Un appuntamento inserito nel solco delle celebrazioni ecumeniche annuali, ispirato dalle parole dell’apostolo Paolo tratte dalla Lettera agli Efesini: «Uno solo è il corpo e uno solo è lo Spirito, come una sola è la speranza alla quale Dio vi ha chiamati». Un versetto che ha fatto da filo conduttore a una serata segnata dal dialogo, dall’ascolto reciproco e dalla preghiera comune.
Al centro dell’incontro, la riflessione dell’Arcivescovo Metropolita S.E. Mons. Claudio Maniago, che ha approfondito il significato del perdono come dimensione essenziale del cammino cristiano. «Chiedere perdono non significa restare prigionieri della colpa o della fragilità umana», ha sottolineato, «ma è un atto di fiducia, il riconoscersi bisognosi di salvezza davanti a Dio». Un gesto che apre il cuore alla speranza e consente di guardare al futuro senza rassegnazione.
Il perdono, ha evidenziato l’Arcivescovo, diventa così sorgente di gioia, perché nasce dalla consapevolezza di un amore che non viene meno, capace di resistere anche al peccato e alle infedeltà dell’uomo. Un amore fedele che rinnova l’alleanza e colma di grazia chi si affida con sincerità.

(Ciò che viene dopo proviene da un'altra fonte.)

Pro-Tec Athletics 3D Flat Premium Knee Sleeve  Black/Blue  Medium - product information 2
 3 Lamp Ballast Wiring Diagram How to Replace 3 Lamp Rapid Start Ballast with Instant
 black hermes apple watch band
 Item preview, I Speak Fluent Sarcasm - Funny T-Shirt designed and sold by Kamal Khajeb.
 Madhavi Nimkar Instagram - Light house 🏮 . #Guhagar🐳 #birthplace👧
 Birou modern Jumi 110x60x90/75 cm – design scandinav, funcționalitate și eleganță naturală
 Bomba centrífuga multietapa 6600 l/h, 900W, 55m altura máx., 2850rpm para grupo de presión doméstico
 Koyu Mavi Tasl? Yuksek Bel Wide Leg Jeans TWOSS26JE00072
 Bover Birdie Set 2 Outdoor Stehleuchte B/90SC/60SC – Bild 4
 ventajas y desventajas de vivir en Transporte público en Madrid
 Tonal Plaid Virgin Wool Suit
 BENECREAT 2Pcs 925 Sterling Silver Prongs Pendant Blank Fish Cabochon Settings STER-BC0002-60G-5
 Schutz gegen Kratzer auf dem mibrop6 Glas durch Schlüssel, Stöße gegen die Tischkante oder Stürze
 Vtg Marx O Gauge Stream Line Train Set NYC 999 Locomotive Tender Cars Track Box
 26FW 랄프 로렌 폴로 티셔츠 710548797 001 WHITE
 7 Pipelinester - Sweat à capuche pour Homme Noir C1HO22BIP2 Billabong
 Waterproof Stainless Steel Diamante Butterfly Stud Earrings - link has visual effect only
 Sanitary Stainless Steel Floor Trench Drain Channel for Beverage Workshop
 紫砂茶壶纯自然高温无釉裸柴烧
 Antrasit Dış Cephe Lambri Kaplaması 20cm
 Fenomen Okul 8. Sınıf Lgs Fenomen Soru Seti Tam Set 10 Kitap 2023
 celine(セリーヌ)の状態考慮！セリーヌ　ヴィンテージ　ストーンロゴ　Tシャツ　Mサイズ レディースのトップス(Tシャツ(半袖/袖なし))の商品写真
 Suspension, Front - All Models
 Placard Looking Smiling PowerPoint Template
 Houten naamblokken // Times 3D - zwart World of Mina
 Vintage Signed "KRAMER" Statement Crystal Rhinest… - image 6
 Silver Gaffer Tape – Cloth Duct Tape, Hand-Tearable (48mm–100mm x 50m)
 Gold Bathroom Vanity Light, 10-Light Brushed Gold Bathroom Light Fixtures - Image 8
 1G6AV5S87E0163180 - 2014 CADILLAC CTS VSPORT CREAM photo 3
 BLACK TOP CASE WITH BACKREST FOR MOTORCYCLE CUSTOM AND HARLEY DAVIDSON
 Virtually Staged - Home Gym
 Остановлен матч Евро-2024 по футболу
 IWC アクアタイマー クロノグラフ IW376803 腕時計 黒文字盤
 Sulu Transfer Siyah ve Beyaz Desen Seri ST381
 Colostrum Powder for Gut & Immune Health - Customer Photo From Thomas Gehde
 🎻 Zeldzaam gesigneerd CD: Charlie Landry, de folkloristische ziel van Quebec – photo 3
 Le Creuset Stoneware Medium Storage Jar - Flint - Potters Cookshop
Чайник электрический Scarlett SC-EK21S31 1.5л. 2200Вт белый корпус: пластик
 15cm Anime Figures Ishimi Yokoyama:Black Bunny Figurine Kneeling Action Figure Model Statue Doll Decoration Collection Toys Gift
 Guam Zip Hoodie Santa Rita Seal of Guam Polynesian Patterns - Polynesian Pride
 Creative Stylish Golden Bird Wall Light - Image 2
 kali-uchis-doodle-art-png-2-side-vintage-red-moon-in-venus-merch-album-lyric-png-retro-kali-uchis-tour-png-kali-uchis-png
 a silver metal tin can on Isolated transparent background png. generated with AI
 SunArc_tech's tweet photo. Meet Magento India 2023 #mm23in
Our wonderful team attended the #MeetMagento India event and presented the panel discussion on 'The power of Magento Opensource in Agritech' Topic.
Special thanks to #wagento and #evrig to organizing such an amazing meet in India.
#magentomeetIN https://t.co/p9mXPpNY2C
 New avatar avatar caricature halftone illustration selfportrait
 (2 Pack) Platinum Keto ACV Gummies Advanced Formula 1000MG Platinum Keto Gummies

Nel suo intervento non è mancato uno sguardo lucido sulle tenebre del nostro tempo. Guerre che vedono contrapposti anche popoli cristiani, violenze che colpiscono i più giovani, una cronaca quotidiana segnata dall’indifferenza e dalla perdita del valore della vita. Una società che, pur vivendo nell’opulenza, fatica a custodire la dignità della persona, rischiando di spegnere la capacità di sperare e di costruire il futuro.
Di fronte a questo scenario, il messaggio emerso dall’incontro è stato netto: la speranza non nasce dall’illusione, ma da una presenza. Cristo non è soltanto colui che dona la luce, ma è la luce stessa, la Parola incarnata che entra nella storia e ne trasforma il volto. Anche la croce, apparentemente segno di sconfitta, diventa luogo di rivelazione e di vittoria, da cui scaturisce una luce capace di attraversare ogni oscurità.
L’incontro si è concluso con un impegno condiviso a rinnovare la fraternità tra i cristiani, superando divisioni storiche ed egoismi personali. Un cammino da proseguire insieme, nella convinzione che l’unità non sia un traguardo astratto, ma una testimonianza concreta di speranza per il mondo di oggi.